UNITED KINGDOM | Monday, 21 July 2014 | Views [365]

Connecting with the Highlands of Scotland

 

Having been back home for a couple of days now, and finally managed to dry all my kit, I've had some time to reflect and get round to setting pen to paper, or rather fingers to keyboard.  

An old military maxim goes something like, "it is a bad plan indeed that cannot be changed", and so is true of any trip, particularly one with a photographic focus.  After an initial spurt of fine weather, my time was assailed with rain and wind, contrary to the ever reliable met office predictions.  My first reaction to this (well second I suppose after, shit I'm going to get really wet) was, great, the light at the end of a storm is amazing, plenty of scope for capturing breaking clouds over mountains and lochs, water racing of branches and foliage, refraction of light though the moisture in the air.  Sadly, non of this happened as it rained pretty constantly for two days and what breaks there were offered only flat and overcast light, good of course for a variety of shots but none, sadly, that I wanted to shoot.  In the end I opted to catch the train up to Fort William and watch what the weather did.  From there I would walk back south along the WHW to Ranoch and the more desolate areas of the highlands.  The forecast also showed a clear morning later in the week so I re-planned to camp at Lairigmor and then climb Mam na Gualain in the wee hours for dawn shots over Loch Leven and Ranoch to the south.  

Here's a transcript from my diary for the trip, offering contemporary thoughts and reactions to the events of the week.  

DAY 1

1430; achievement for the day - figured out how to attach my all-too-heavy camera bag to my main pack.  Will probably have a dead arm all too soon, but better that than a dead shoulder.  Bringing the 135mm is adds a good kilo + to my kit but it will prove its worth when I get higher up in the highlands.  

Its important that I keep the camera in the bag for a period and absorb where I am.  The shots need to reflect my interaction with the landscape and not just the landscape itself.  The gradual transition into the highlands should offer gradually more potential.  Hopefully I can grasp the portrayal of connection with the initial stages of the walk but, this will be more difficult as the first day or so will be the inevitable adjustment period.  

I'll add out of transcript here that I took several uninspiring photographs, left a map in a pub, and sprayed pure deet onto my face without thinking.  Adjustment day indeed.  This is what happens when you have too many soft days editing in a comfy chair with immediately accessible tea and coffee.  
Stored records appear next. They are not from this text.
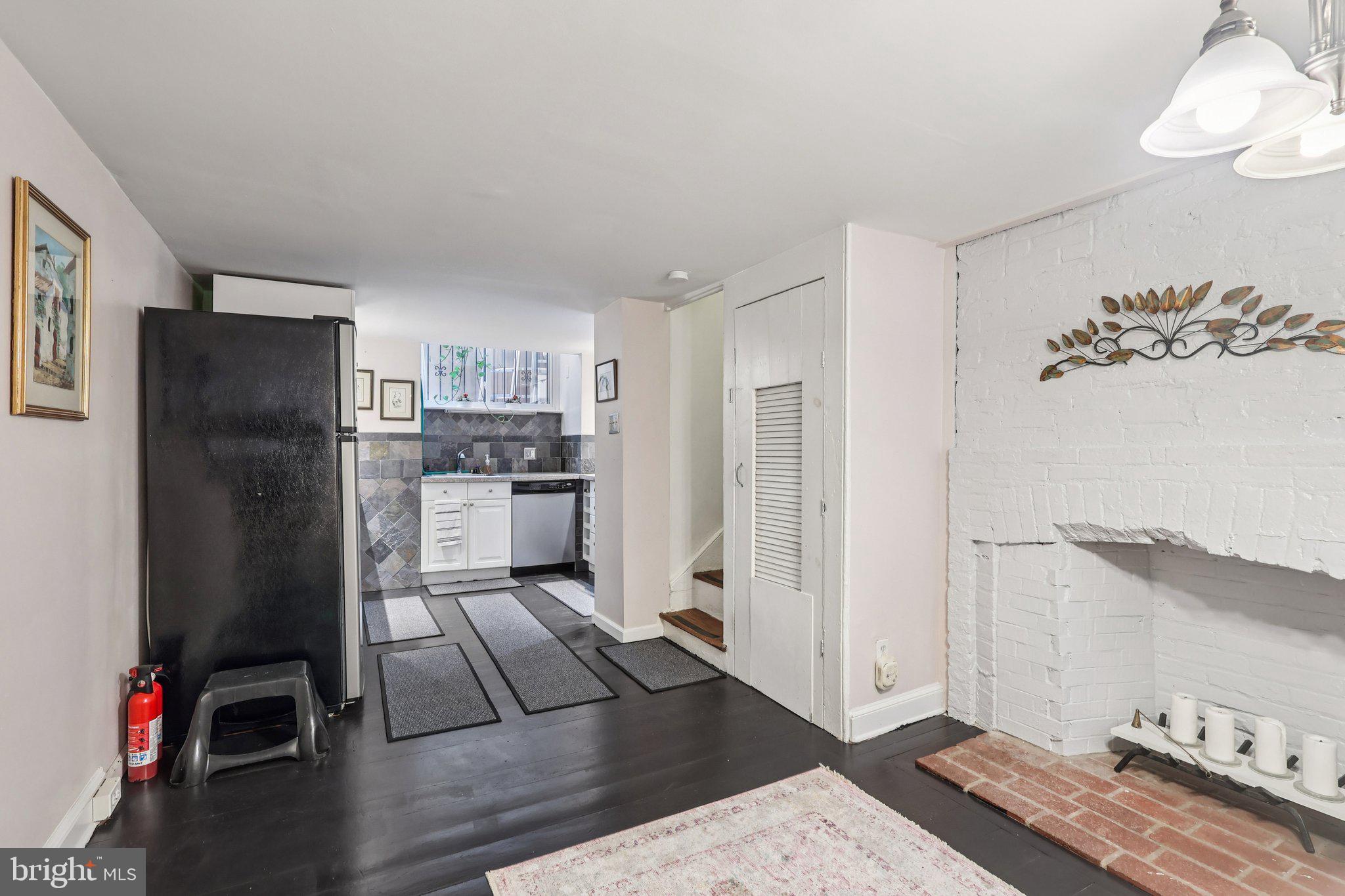 523 South Leithgow Street Philadelphia, PA 19147 - Photo 11 of 35 a kitchen with stainless steel appliances granite countertop a refrigerator and a stove top oven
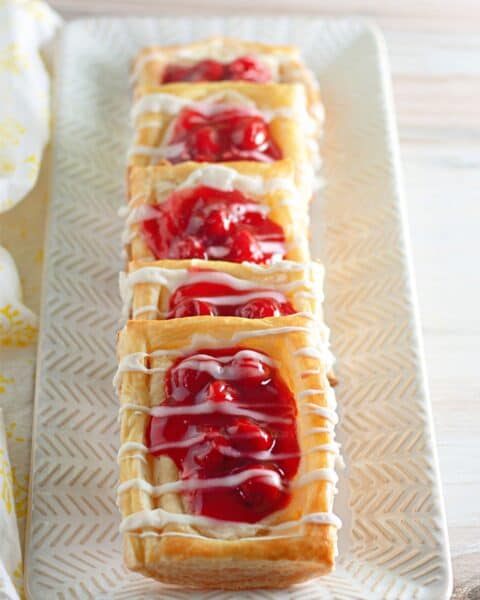 Four Danish pastries topped with cherry cheesecake filling and drizzled with white icing are arranged in a row on a rectangular plate.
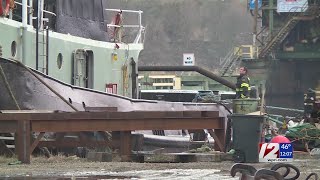 Crews investigating Fall River tugboat fire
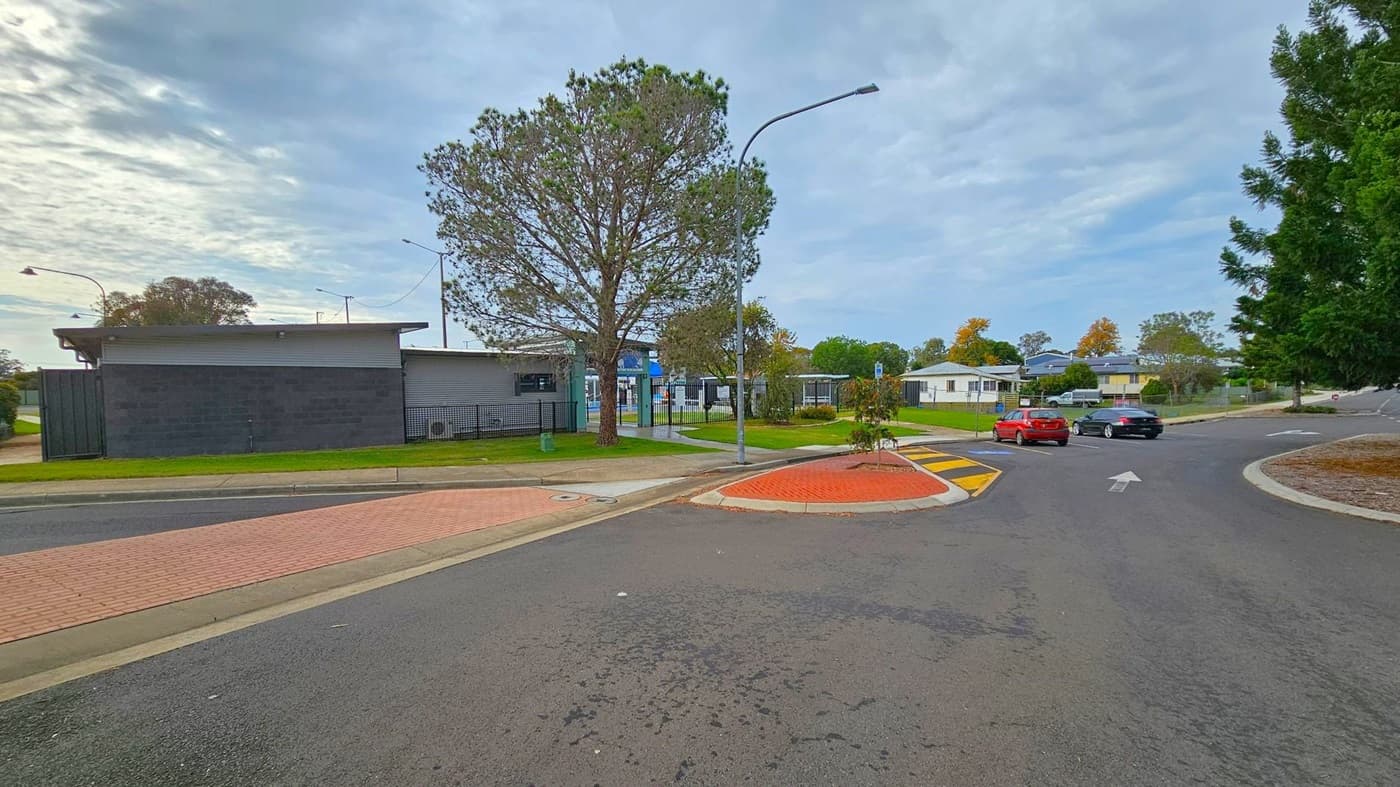 A street scene with a black building on the left, featuring a flat roof and surrounded by a grassy area. A large tree stands nearby, next to a metal fence. In the centre, a road curves to the right, with a red car and a black car driving away. On the right, there are more trees and a few residential buildings in the background. The road has a yellow and black speed bump and a red brick pedestrian crossing. Street lamps are visible along the road.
2050; Dryman Campsite.  As expected the first 12 miles of this walk have been pretty similar to any 12 miles of country in the UK.  It is picturesque enough but has little unique character and makes little impact.  That said however there have been one or to moments where the light has cut across the hills in the distance which gives a sense of the forthcoming.  Everything at the moment feels quite anticipatory.  Tomorrow I aim for Rowchoish Bothy on the east bank of Loch Lomond at mile 30.  This should offer a good prospect of the Loch at dawn and dusk.  Being a hundred yards of so into the surrounding forrest is also a bonus.  Forecast is intermittent rain, so will wait for the light in the aftermath - always my favourite type of shooting condition.  
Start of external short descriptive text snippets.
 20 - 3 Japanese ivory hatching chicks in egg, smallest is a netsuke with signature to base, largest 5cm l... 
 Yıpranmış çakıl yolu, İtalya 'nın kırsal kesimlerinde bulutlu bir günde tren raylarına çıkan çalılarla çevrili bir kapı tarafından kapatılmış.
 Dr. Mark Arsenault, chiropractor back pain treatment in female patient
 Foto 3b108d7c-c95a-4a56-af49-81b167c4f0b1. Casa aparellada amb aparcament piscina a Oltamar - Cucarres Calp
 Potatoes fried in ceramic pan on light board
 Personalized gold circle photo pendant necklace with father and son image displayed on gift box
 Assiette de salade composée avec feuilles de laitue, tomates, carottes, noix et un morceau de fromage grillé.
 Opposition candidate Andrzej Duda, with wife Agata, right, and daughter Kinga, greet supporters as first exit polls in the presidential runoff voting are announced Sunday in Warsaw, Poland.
There is always a period of adjustment the first day out.  A day when personal admin is questionable and muscles ache more than they should.  There is a sense of removal, and an almost eerie becoming accustomed feeling.  I think its time to put the hip flask away and stop writing.  Dawn is at 0450.  Watch alarm set for 0430.  

DAY 2

1000; Balmaha, having coffee.  Conic Hill offered some great views over Loch Lomond and the Trossachs, as well as back towards Glasgow.  The light this morning is incredibly flat; overcast and with much glare.  Being the first hill climbed in full kit, it was a bitch.  Not high at all really and not particularly steep walking in the northerly direction, but still hard before breakfast.  The 135mm is already proving its worth.  With the light and sky being as it is, I'm focusing on highlighting characters in the landscape through wider apertures.  Forecast for later has changed to heavy rain, but only in periods.  Should offer some great light in the interim periods.  

1700; Taking shelter under a large rock, somewhere along the bank of Loch Lomond.  So much for intermittent rain.  Its nearly a full blown storm and hasn't stopped for hours.  Getting the camera out is impossible its so wet.  No further weather updates.  The main track has been diverted due to erosion so access to the bothy is not possible.  My aim is to continue on to Inversnaid and hope there is a room at the bed and breakfast.  Completely covered in waterproofs, Im just as wet underneath due to sweat as I am on the outside due to rain.  My watch reads 24 degrees C.  The way is through pretty dense forrest and even with the added shelter of the trees its still too wet for photographs.  A pity I can't get to the loch side from here, as the sheets of rain sweeping the water would be good to capture.  Though risking the camera is questionable.  Whilst my 1D is weather sealed, the 5dmkiii is not fully so and I don't think would stand up to this much water.  Better not risk it.  

DAY 3

0730; Inversnaid Inn.  Around 1900 yesterday there was a break in the rain for a couple of hours.  The sky remained overcast but balanced due to the later hour offering ok light for photographs of the surrounding area.  Despite being in a very tourist-orientated area, there is a bleakness here caused by the weather, a reminder perhaps that the landscape is much older than its current inhabitants.  The sky now is full of mixed clouds and has a small amount of glare.  Importantly is that is it not raining!  Todays section of the walk towards Crianlarich is quite flat in terms of general relief but very up and down on an immediate scale and very rocky.  The going is reportedly very slow, particularly in full kit.  It does however follow the bank of the loch for a good amount at the waters edge.  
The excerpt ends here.